* _Work task_
Before copying, set the pictures aside; then repeat every line below verbatim.

Start of Material provided

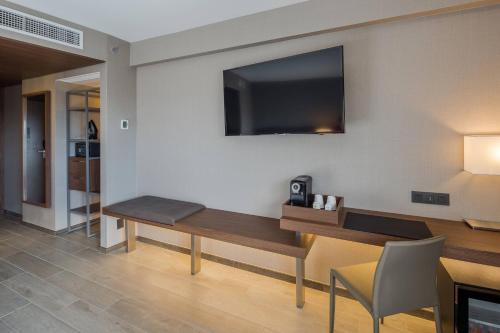 a room with a desk with a tv on the wall at AC Hotel by Marriott Guadalajara Expo in Guadalajara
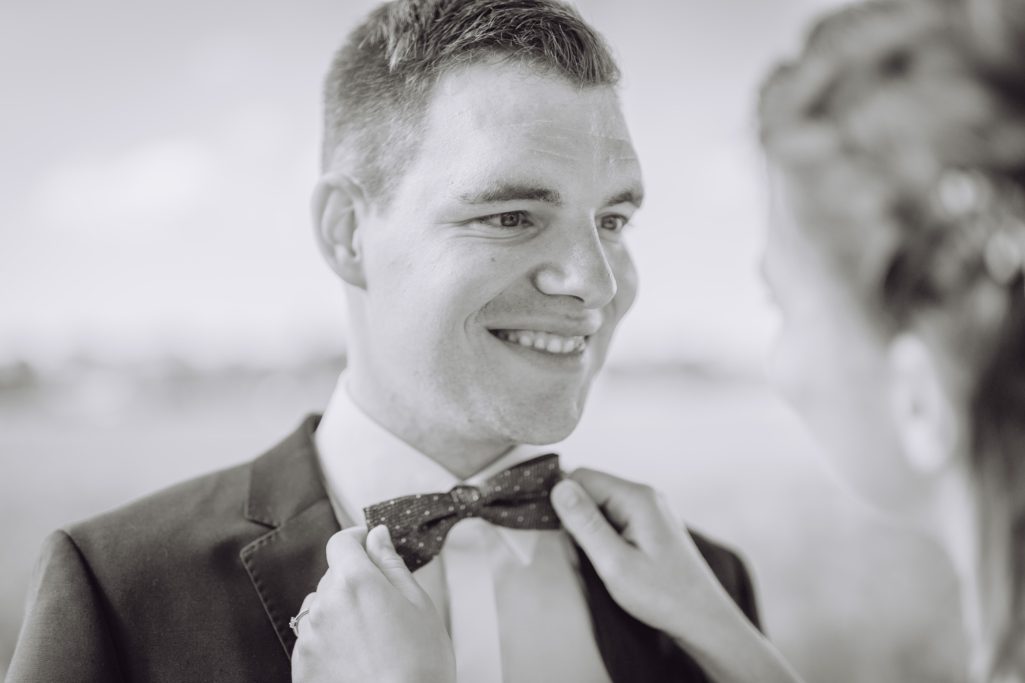 Brautpaar, Bräutigam trägt einen Anzug und lächelt, während die Braut seine Fliege richtet.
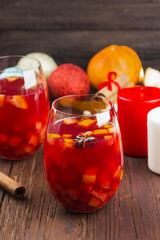 Mulled wine with citrus in glass on a dark wooden background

End of Material provided

* _Result of this exercise_
 a room with a desk with a tv on the wall at AC Hotel by Marriott Guadalajara Expo in Guadalajara
 Brautpaar, Bräutigam trägt einen Anzug und lächelt, während die Braut seine Fliege richtet.
 Mulled wine with citrus in glass on a dark wooden background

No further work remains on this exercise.